### Supplied material
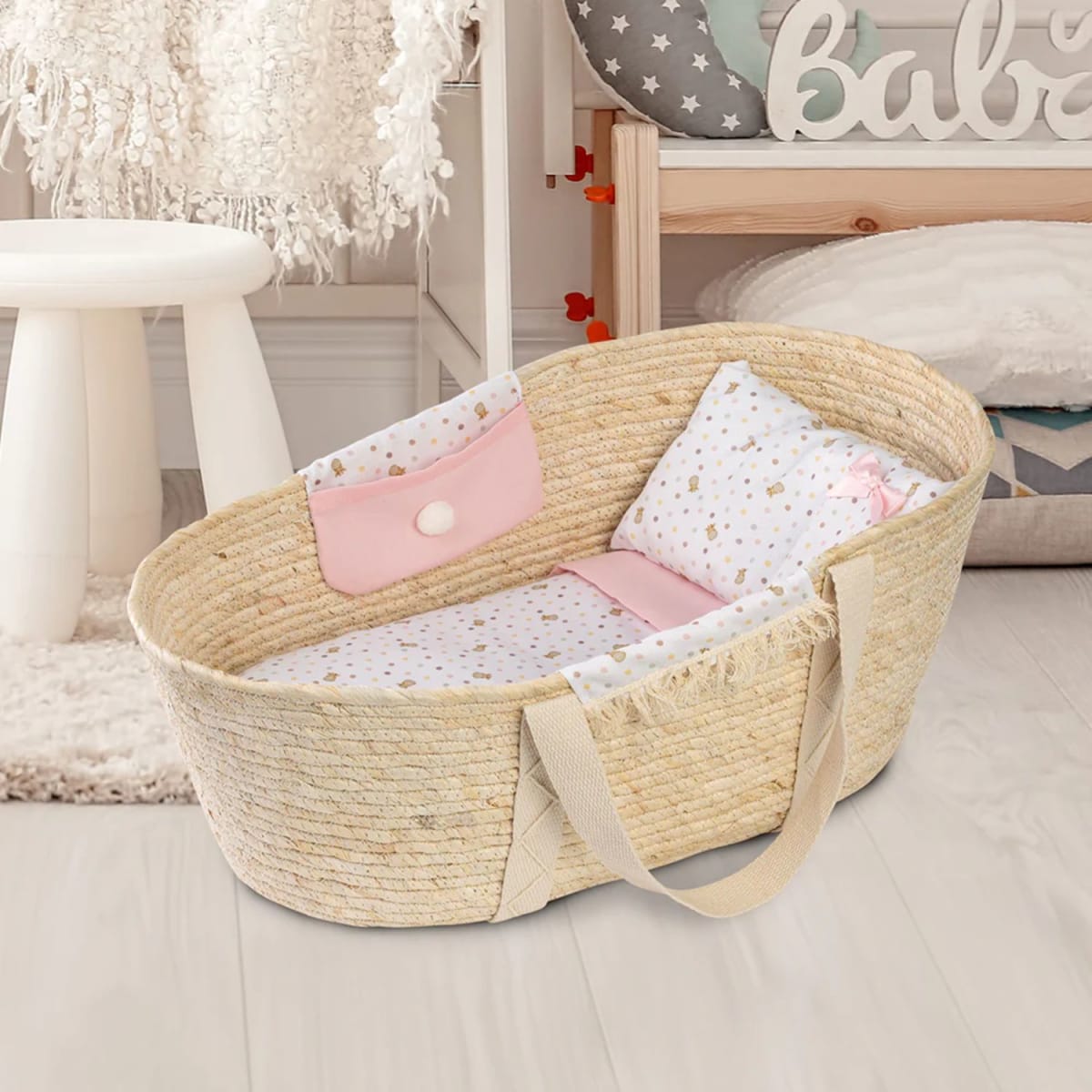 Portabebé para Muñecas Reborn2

---

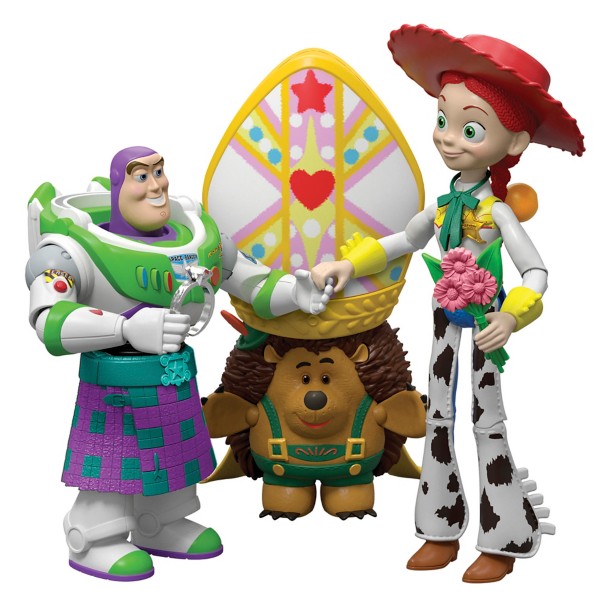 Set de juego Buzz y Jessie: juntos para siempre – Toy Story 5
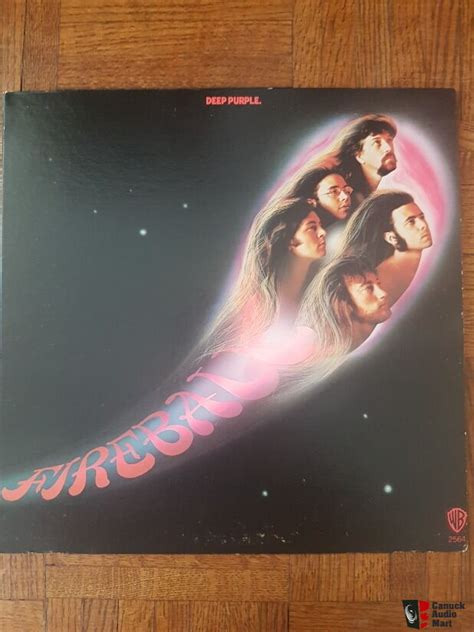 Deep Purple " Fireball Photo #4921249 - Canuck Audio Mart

### Directions
Within these entries, output exactly the lines starting at the one with "Set de juego" and finishing at the one with "Canuck Audio Mart". Leave pictures out of the output.

### Response below
 Set de juego Buzz y Jessie: juntos para siempre – Toy Story 5
 Deep Purple " Fireball Photo #4921249 - Canuck Audio Mart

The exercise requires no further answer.